I wasn't happy with the performance of the Suzuki 70 on my tunnel hull skiff. Only getting 4900 rpm's and very low 30's mph. Specs say I should be between 5k and 6k. After thoroughly reading the "Crossroads Propeller Order" thread, I decided my PowerTech 14 dia 17 pitch prop was the problem and thought I needed a new prop. Considering that I had never owned a tunnel hull with jack plate and trim tabs, I decided to give it one more try before investing in a new prop. Good decision. I clearly didn't know what I had been doing. After figuring out the right combination of trim and tabs, I'm now getting what I had hoped for: 5600 rpm's and 35 mph. And, I'm getting what I want from the jack plate, good (not great) hole shot in skinny water and crawl through < 1 ft of water. Once again, I just didn't know what I didn't know. So, thanks for all the great info in the prop thread. Now, what will I spend the money on that I'm not spending on a prop. Hmm.


----------



## Smackdaddy53 (Dec 31, 2012)

TooOldTo said:


> I wasn't happy with the performance of the Suzuki 70 on my tunnel hull skiff. Only getting 4900 rpm's and very low 30's mph. Specs say I should be between 5k and 6k. After thoroughly reading the "Crossroads Propeller Order" thread, I decided my PowerTech 14 dia 17 pitch prop was the problem and thought I needed a new prop. Considering that I had never owned a tunnel hull with jack plate and trim tabs, I decided to give it one more try before investing in a new prop. Good decision. I clearly didn't know what I had been doing. After figuring out the right combination of trim and tabs, I'm now getting what I had hoped for: 5600 rpm's and 35 mph. And, I'm getting what I want from the jack plate, good (not great) hole shot in skinny water and crawl through < 1 ft of water. Once again, I just didn't know what I didn't know. So, thanks for all the great info in the prop thread. Now, what will I spend the money on that I'm not spending on a prop. Hmm.

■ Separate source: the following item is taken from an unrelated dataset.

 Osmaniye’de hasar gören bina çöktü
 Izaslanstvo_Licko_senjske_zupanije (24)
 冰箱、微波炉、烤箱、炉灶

You gotta air it out. Jack up, tab down, trim out, hammer down.


----------



## No Bait / Lures Only (Apr 10, 2011)

When in doubt trim it out!!!!


----------



## rovster (Aug 21, 2018)

Smackdaddy53 said:


> You gotta air it out. Jack up, tab down, trim out, hammer down.

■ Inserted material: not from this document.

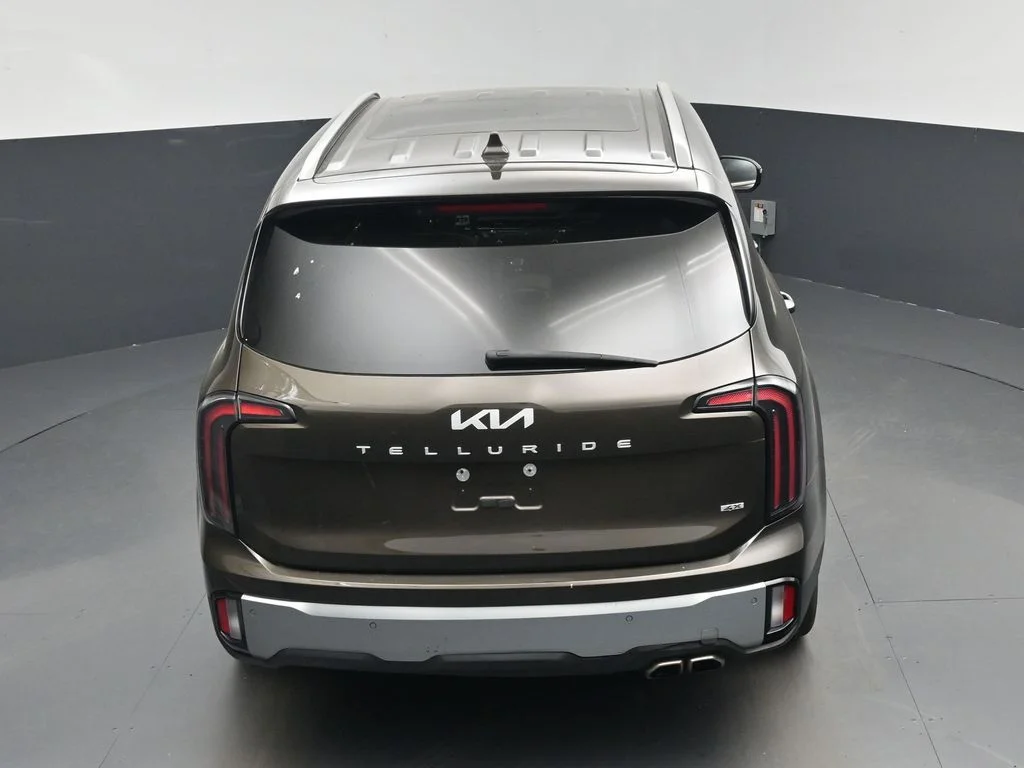Used 2023 Green Kia SX-Prestige image 25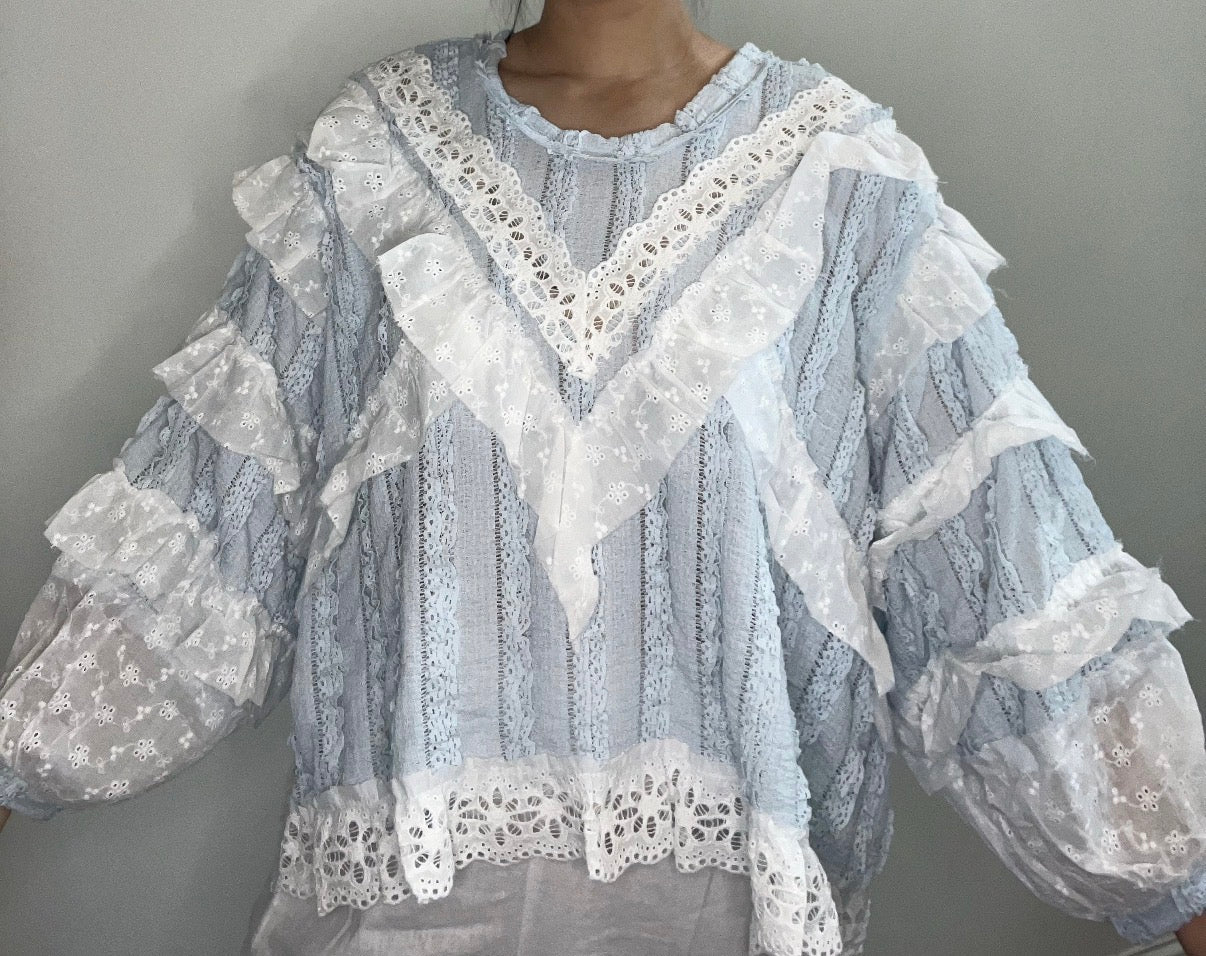 There She Goes Blouse (Blue)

So tabs down and motor trimmed up just shy of blowing out or porpoising Is ideal for max speed? Never run tabs or JP but may soon. Still learning the lingo lol. 

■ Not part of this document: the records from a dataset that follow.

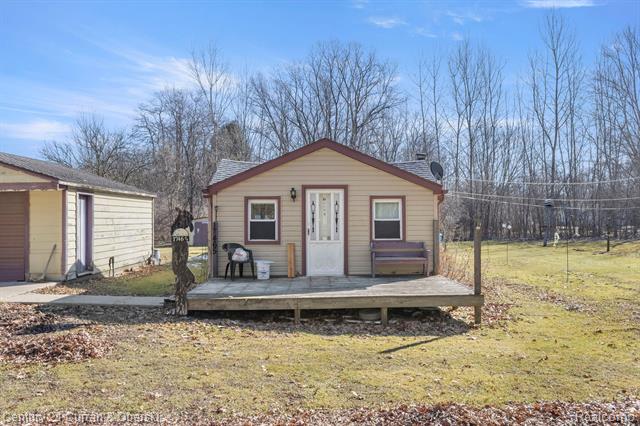 front view picture of 17465 Sylvia Ave, Romulus, MI. 48174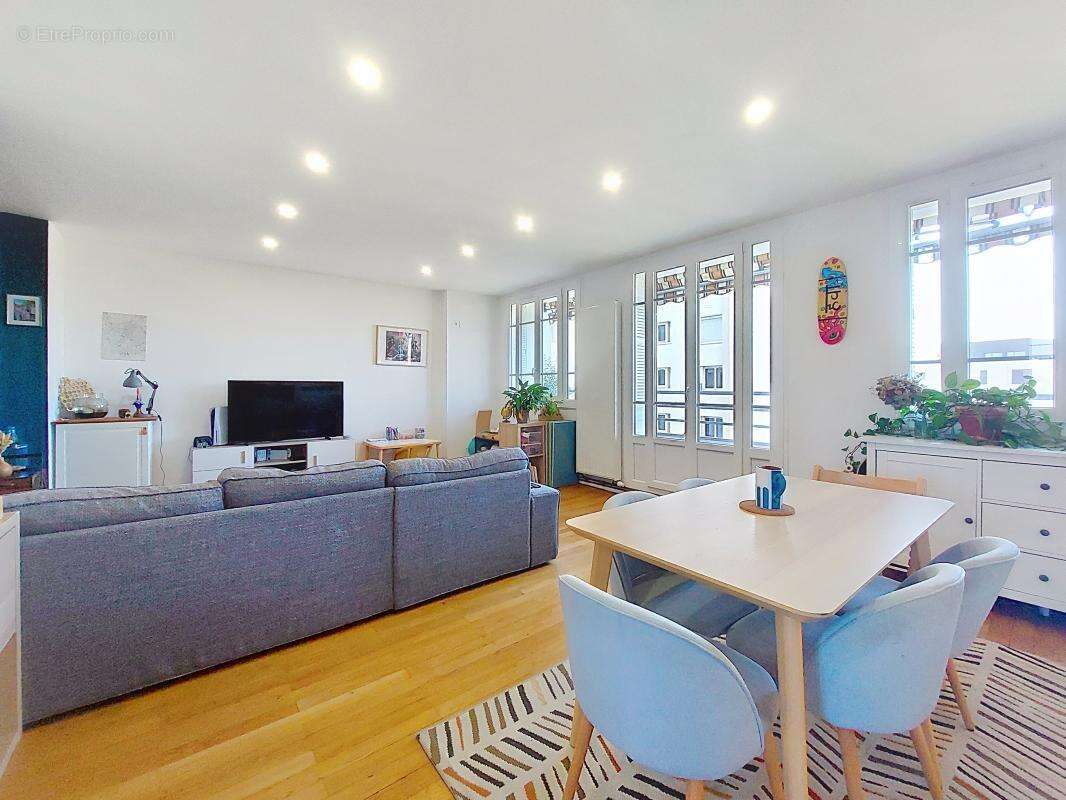 Appartement à LYON-8E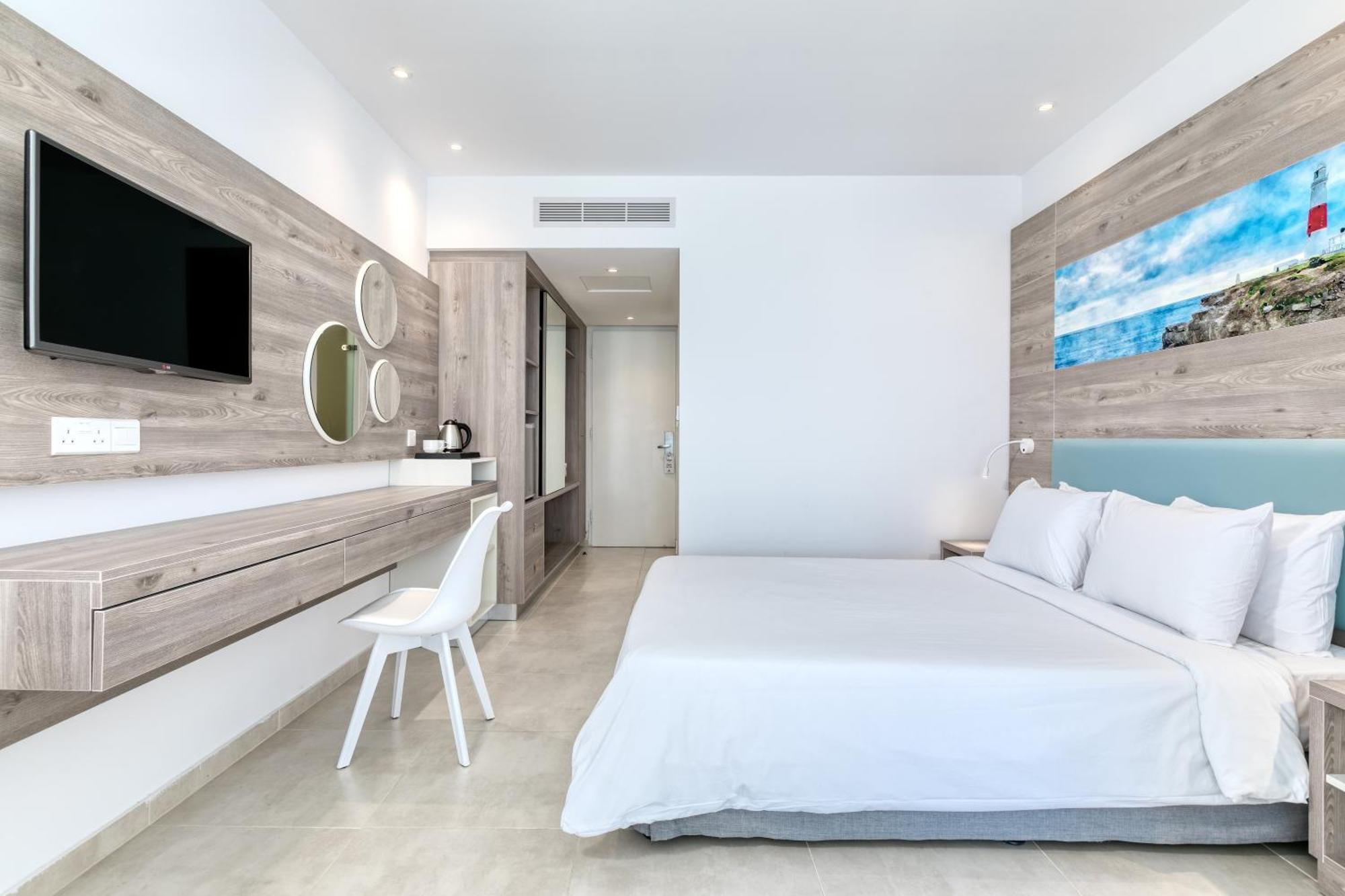 Atlantica Sungarden Beach Ayia Napa Exterior photo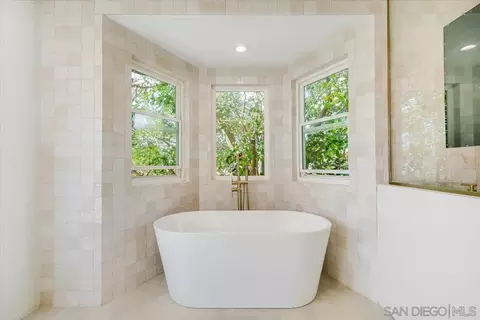 Bath - 2114 Vista Valle Verde Dr, Fallbrook, CA 92028 photo 4 of 11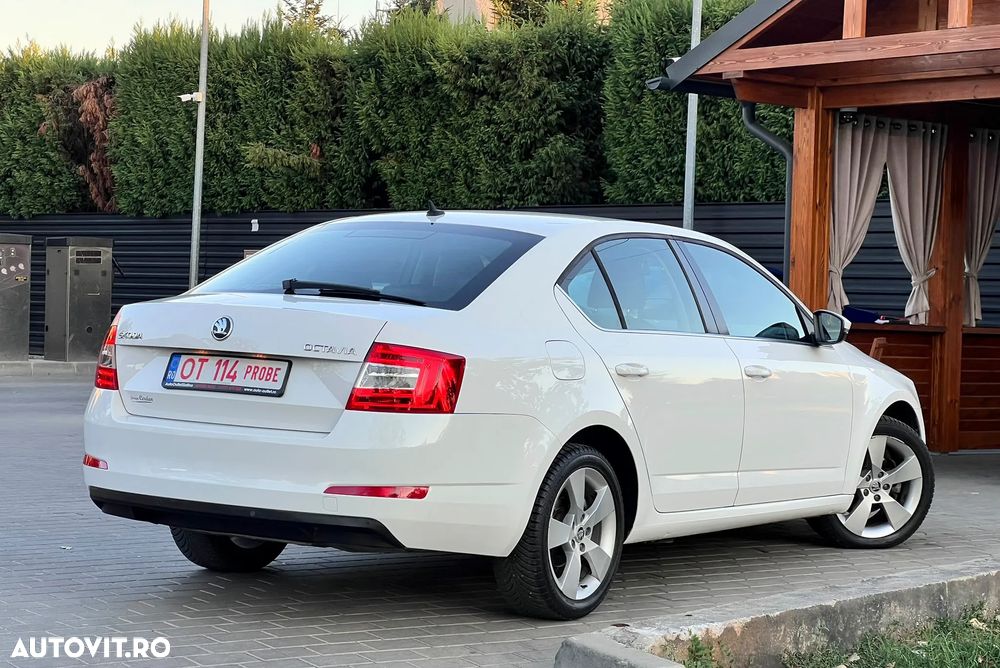 Skoda Octavia 1.6 TDI DSG Premium Edition - 4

Any advice on what order to figure this out? Jack vs trim? Thanks


----------



## Smackdaddy53 (Dec 31, 2012)

rovster said:


> So tabs down and motor trimmed up just shy of blowing out or porpoising Is ideal for max speed? Never run tabs or JP but may soon. Still learning the lingo lol.
> 
> Any advice on what order to figure this out? Jack vs trim? Thanks


On my skiff it works but they are all a little different.


----------



## TooOldTo (Aug 21, 2019)

Mine likes the tabs down on take-off but wants about half when on plane.


----------



## jay.bush1434 (Dec 27, 2014)

I have instant MPG reading on my Lowrance gauge display screen. After I get the boat trimmed out with engine trim, tabs, and jackplate I'll make small adjustments on each to see how it affects the economy. If you don't have that, using speed reading will tell you enough as well. If you don't have that, do what makes the boat feel right.


----------



## crboggs (Mar 30, 2015)

1) Tabs Down
2) Jack it up
2) Tuck it under
3) Hammer down...
4) If the prop isn't biting slowly lower the jack plate until you feel it dig in (should be obvious)
5) Once you are on plane adjust the engine height, motor trim, and tabs to your conditions...

Using negative trim on my tunnel was counter intuitive at first...kinda like counter steering on a sport bike. You just have to do it and believe in it. But it certainly helps your hole shot and running depth when you have a jack plate.


----------